> **Problem requirements**: Please reproduce the entries exactly, skipping each picture.

(Stored items from a collection)
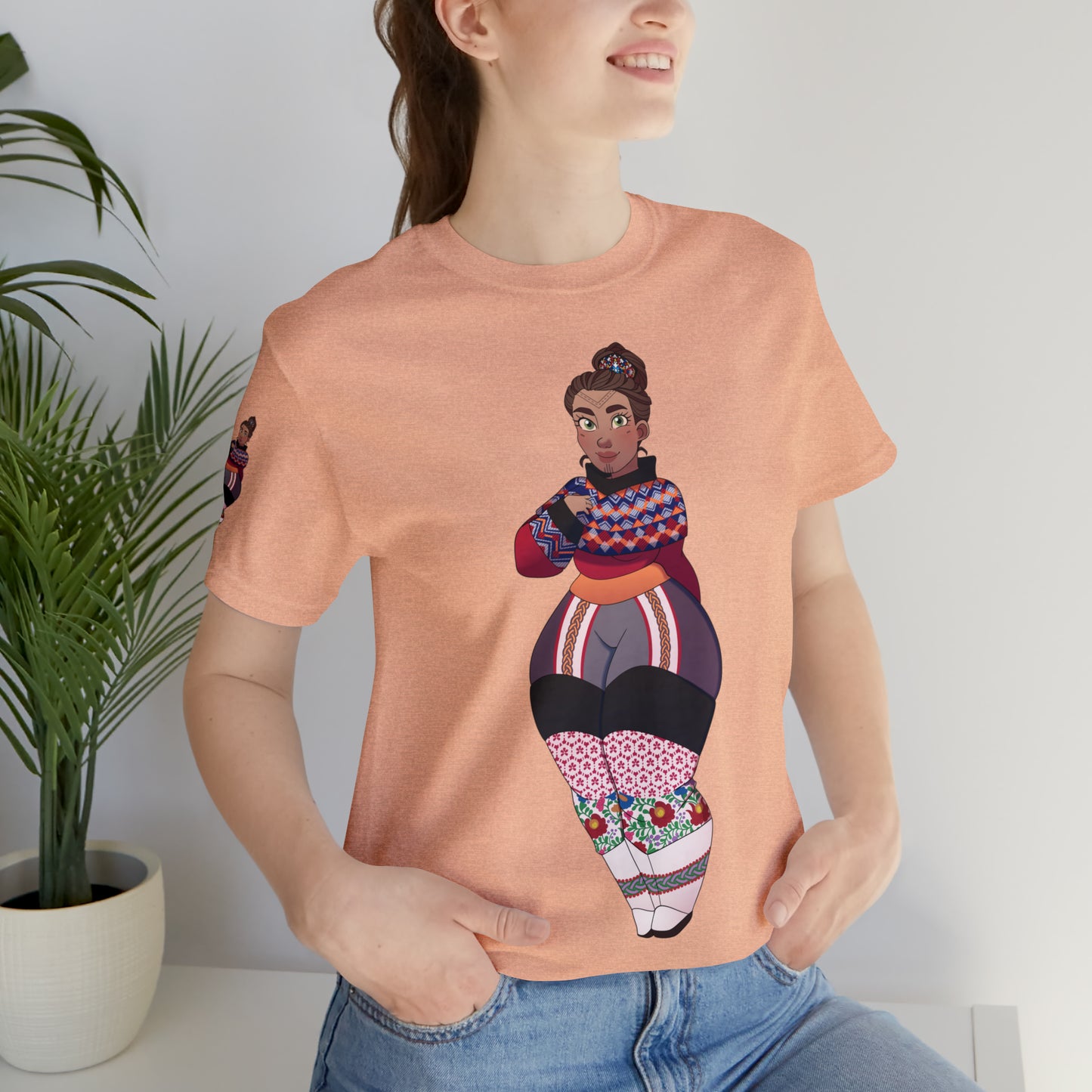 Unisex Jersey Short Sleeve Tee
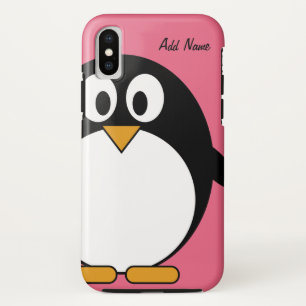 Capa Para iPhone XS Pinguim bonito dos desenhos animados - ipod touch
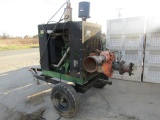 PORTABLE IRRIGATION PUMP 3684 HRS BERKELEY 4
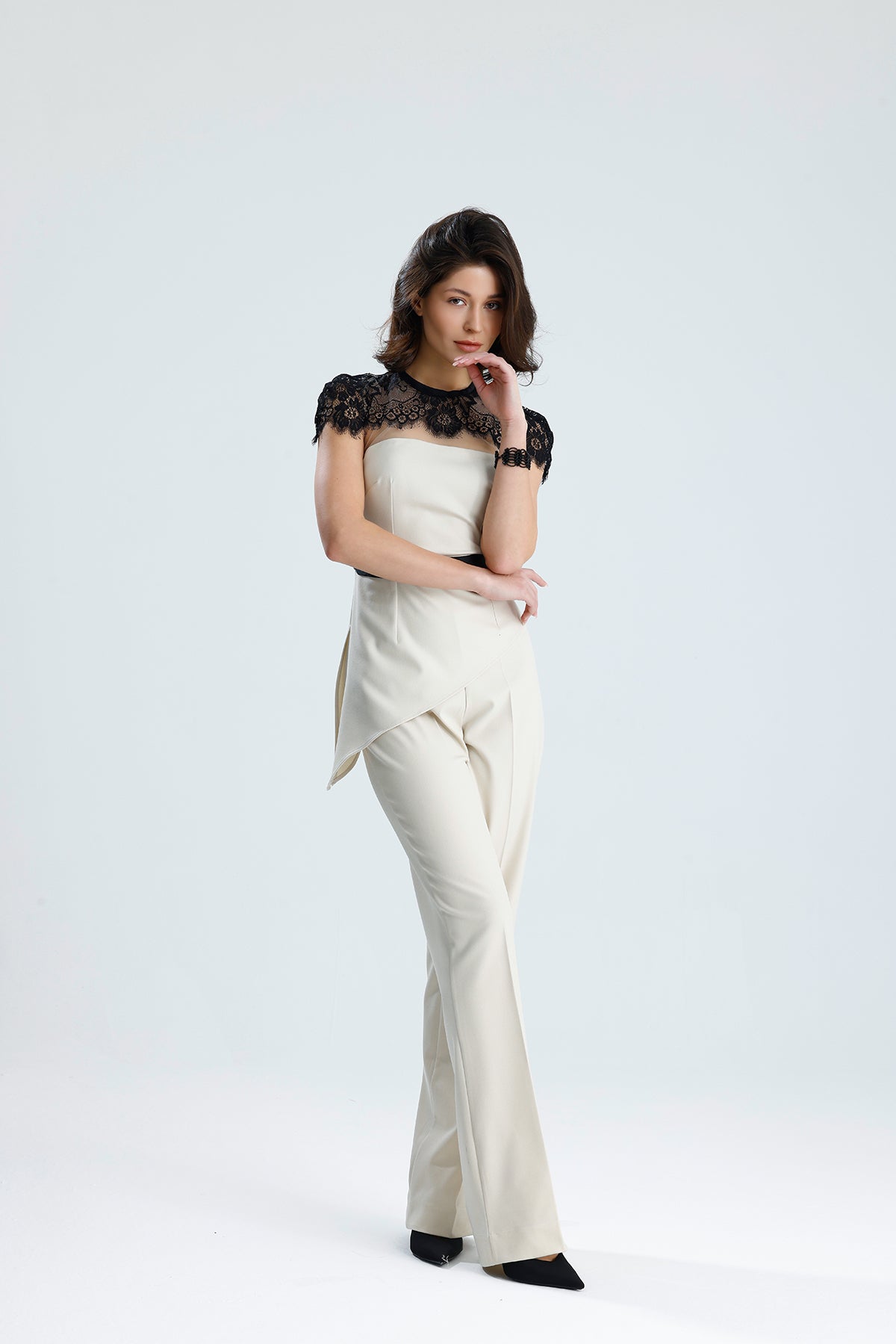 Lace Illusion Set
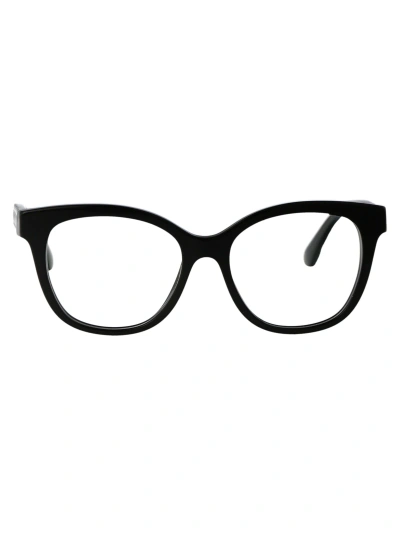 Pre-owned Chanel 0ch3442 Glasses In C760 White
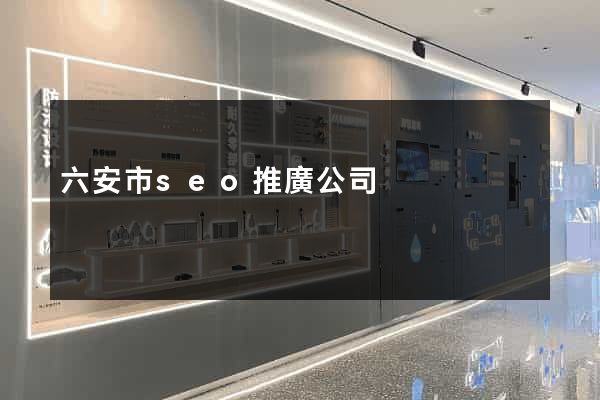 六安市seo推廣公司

> **Expected answer**:
 Unisex Jersey Short Sleeve Tee
 Capa Para iPhone XS Pinguim bonito dos desenhos animados - ipod touch
 PORTABLE IRRIGATION PUMP 3684 HRS BERKELEY 4
 Lace Illusion Set
 Pre-owned Chanel 0ch3442 Glasses In C760 White
 六安市seo推廣公司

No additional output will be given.